▶ TASK TO CARRY OUT
The answer should be each line from the entries below that has the word "with" in it.

****

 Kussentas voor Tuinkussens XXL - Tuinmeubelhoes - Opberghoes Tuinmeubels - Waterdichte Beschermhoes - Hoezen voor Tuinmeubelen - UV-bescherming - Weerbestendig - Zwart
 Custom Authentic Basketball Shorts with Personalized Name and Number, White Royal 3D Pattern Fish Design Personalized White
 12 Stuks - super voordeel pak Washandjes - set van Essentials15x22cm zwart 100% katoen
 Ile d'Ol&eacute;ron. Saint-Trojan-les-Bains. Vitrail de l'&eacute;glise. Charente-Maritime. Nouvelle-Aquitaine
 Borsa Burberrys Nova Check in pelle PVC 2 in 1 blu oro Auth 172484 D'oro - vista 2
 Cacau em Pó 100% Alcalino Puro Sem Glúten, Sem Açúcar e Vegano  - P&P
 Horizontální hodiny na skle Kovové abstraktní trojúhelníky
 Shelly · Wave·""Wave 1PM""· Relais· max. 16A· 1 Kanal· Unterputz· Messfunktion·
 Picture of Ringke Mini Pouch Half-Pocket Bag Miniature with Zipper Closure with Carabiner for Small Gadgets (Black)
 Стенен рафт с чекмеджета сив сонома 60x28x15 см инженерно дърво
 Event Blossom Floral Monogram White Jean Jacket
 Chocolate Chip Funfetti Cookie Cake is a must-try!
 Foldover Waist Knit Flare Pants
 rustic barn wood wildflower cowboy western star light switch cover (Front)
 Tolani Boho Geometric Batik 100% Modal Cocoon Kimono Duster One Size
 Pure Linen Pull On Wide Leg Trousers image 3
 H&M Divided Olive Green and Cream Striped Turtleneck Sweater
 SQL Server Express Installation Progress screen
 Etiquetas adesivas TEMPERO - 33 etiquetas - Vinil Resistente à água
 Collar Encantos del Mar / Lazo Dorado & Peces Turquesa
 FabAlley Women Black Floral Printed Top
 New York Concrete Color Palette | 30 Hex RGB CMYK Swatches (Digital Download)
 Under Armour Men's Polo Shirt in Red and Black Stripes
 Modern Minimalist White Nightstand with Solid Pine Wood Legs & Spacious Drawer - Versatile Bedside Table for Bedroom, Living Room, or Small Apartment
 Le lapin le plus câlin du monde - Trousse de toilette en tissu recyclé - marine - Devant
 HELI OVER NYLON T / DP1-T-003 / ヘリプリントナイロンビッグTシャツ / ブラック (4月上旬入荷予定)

****

▶ TASK ANSWER
 Custom Authentic Basketball Shorts with Personalized Name and Number, White Royal 3D Pattern Fish Design Personalized White
 Picture of Ringke Mini Pouch Half-Pocket Bag Miniature with Zipper Closure with Carabiner for Small Gadgets (Black)
 Modern Minimalist White Nightstand with Solid Pine Wood Legs & Spacious Drawer - Versatile Bedside Table for Bedroom, Living Room, or Small Apartment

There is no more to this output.